▸ Given records:
* * * *

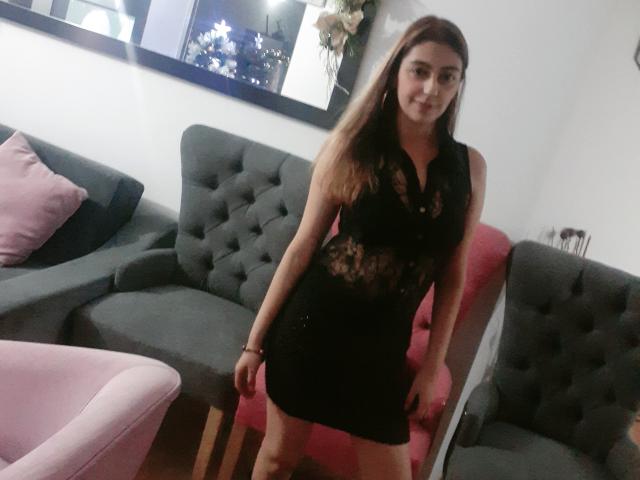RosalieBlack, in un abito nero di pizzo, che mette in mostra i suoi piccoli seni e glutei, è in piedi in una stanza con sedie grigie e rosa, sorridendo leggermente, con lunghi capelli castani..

* * * *

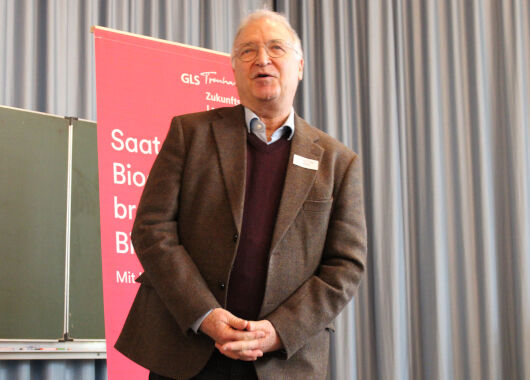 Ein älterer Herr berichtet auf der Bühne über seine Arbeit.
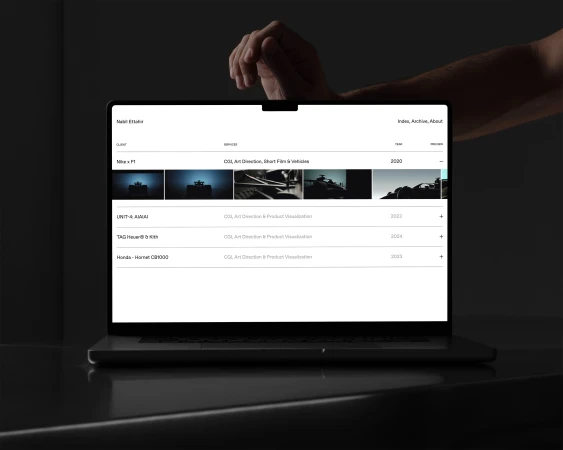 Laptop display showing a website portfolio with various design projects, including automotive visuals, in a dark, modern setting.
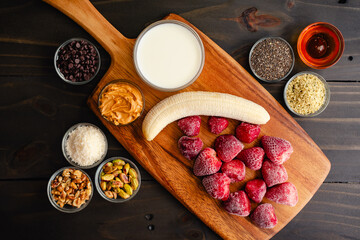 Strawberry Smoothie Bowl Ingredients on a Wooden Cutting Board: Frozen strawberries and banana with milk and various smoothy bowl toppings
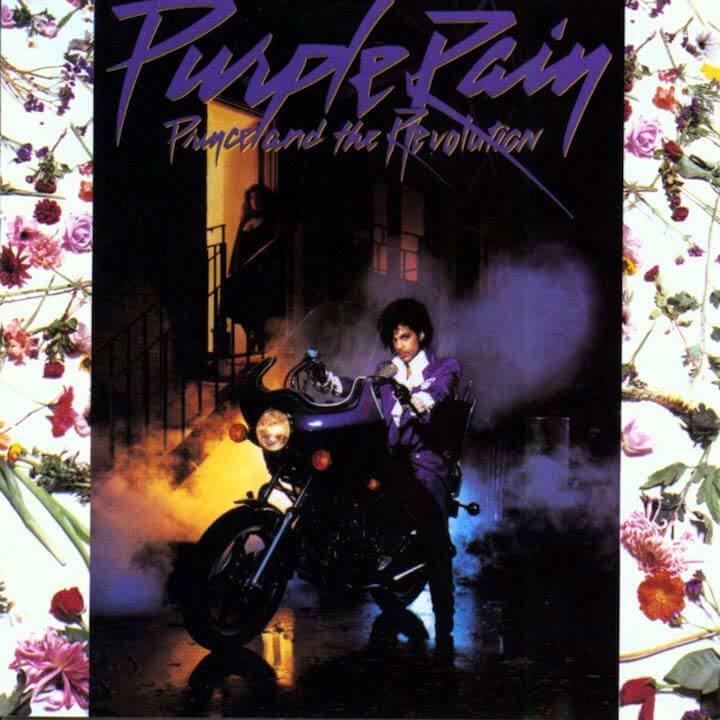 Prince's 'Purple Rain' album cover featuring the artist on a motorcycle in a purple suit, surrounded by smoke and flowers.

* * * *

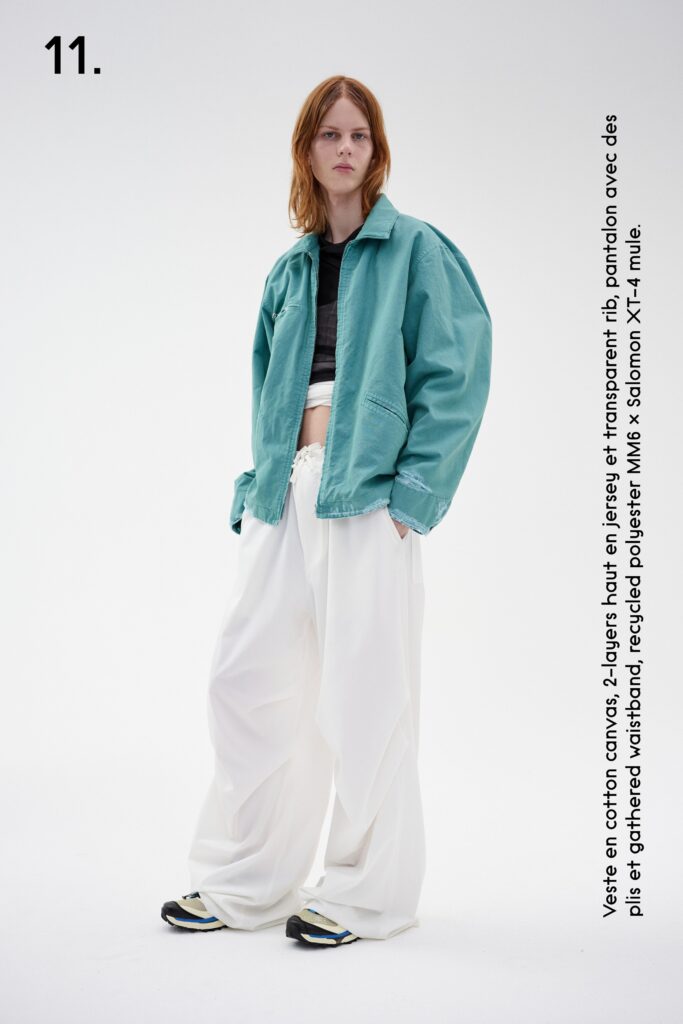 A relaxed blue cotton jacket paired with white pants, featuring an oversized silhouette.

* * * *

▸ Exercise:
Would you print exactly the lines in the listing above, from the line bearing "Ein älterer Herr" through the line bearing "Prince's 'Purple Rain'", leaving out all pictures?

▸ Solution to this exercise:
 Ein älterer Herr berichtet auf der Bühne über seine Arbeit.
 Laptop display showing a website portfolio with various design projects, including automotive visuals, in a dark, modern setting.
 Strawberry Smoothie Bowl Ingredients on a Wooden Cutting Board: Frozen strawberries and banana with milk and various smoothy bowl toppings
 Prince's 'Purple Rain' album cover featuring the artist on a motorcycle in a purple suit, surrounded by smoke and flowers.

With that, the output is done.